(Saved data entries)
___
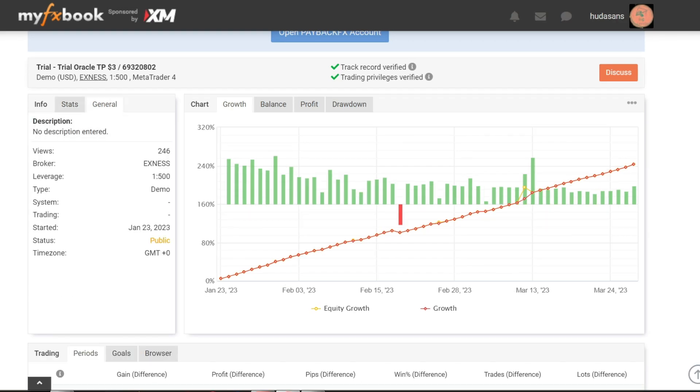My trading starts on January 23, 2023. You can pay attention to this growth chart.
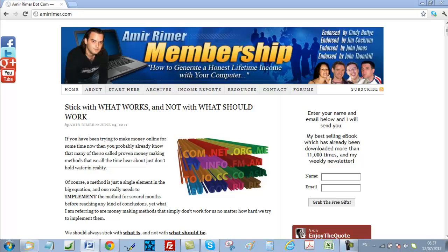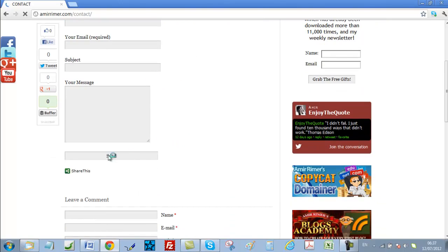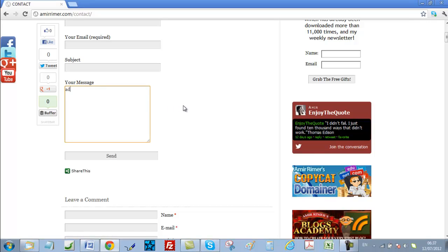Now, feel free to always contact me for support anytime you want. You can do this by either going to my blog at amirrimer.com and clicking the Contact tab. Once you click the tab, you need to fill the form and simply click the Send button once you are done. You can also contact me by sending me an email to admin at flipcourse.com.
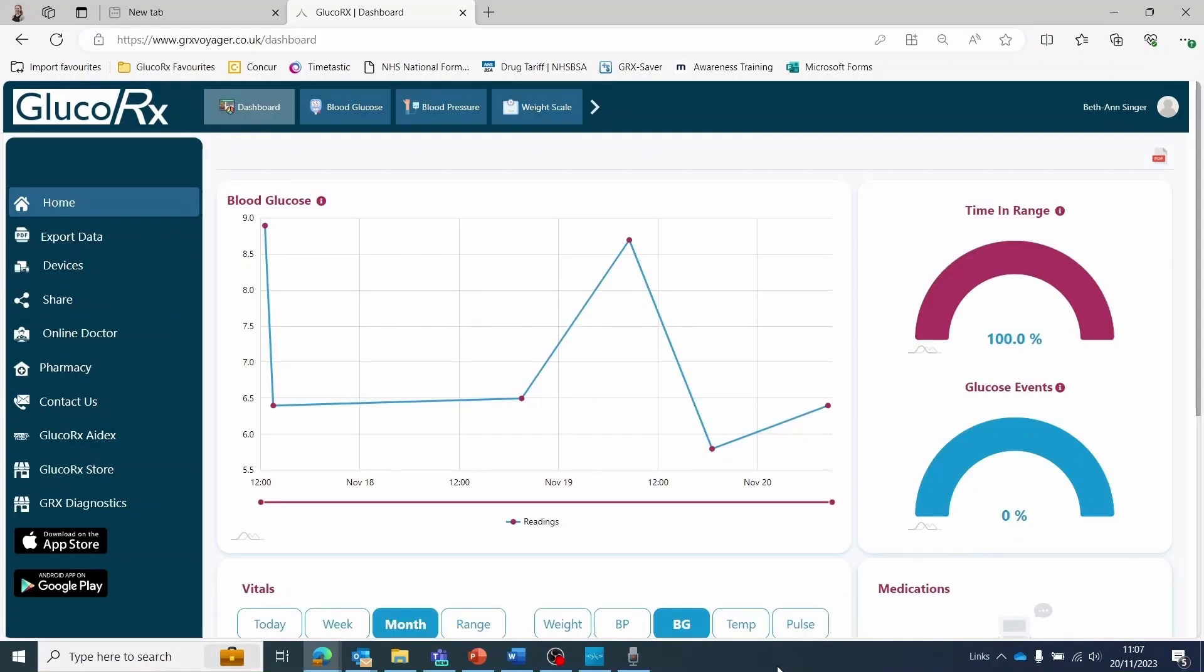The GlucoRx Voyager software will open into your main homepage shown as the dashboard in the top toolbar. This shows your recent blood glucose readings graph, your time in range, and any glucose events such as hypos or hypers.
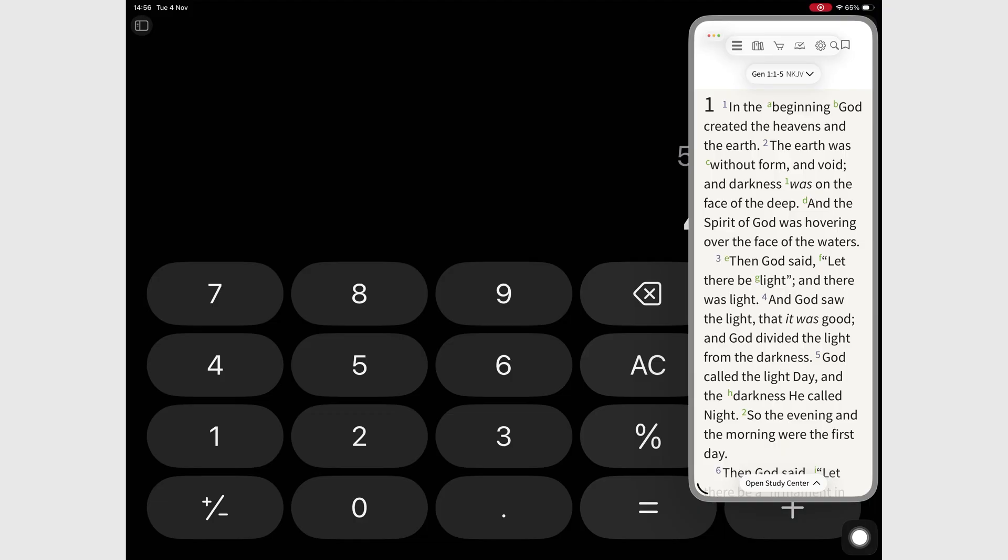So yes, Slide Over is back, but it's really not back. It's like unwrapping a gift box and finding socks inside. Technically a present, but not the one you were hoping for.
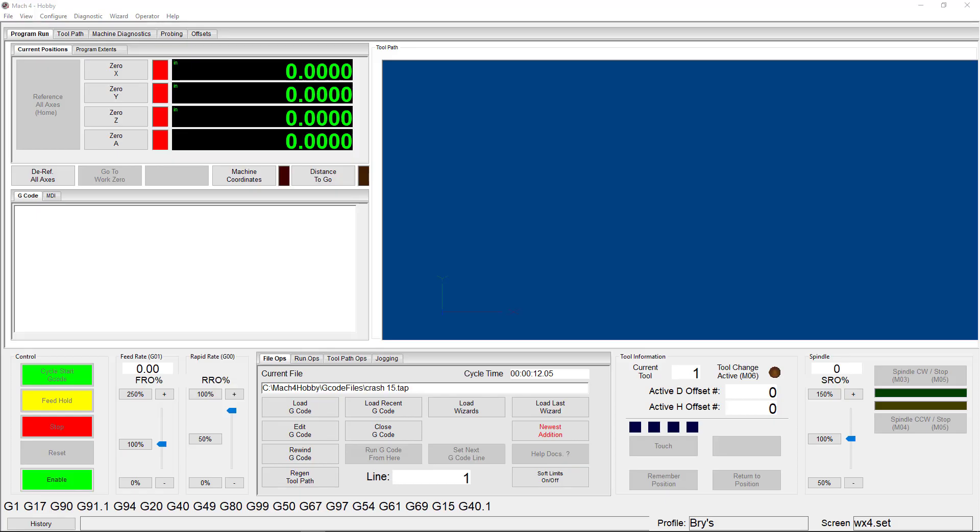When setting up a new machine, it's important to calibrate your axes and verify that you are using the correct steps per unit. Steps per unit refers to the number of pulses that are sent to your motor driver in order to move it a single unit.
___
A verbatim copy of the records is expected, from their first line through the line with "Now, feel free", inclusive, with the pictures removed.

### Solution to this problem:
My trading starts on January 23, 2023. You can pay attention to this growth chart.
Now, feel free to always contact me for support anytime you want. You can do this by either going to my blog at amirrimer.com and clicking the Contact tab. Once you click the tab, you need to fill the form and simply click the Send button once you are done. You can also contact me by sending me an email to admin at flipcourse.com.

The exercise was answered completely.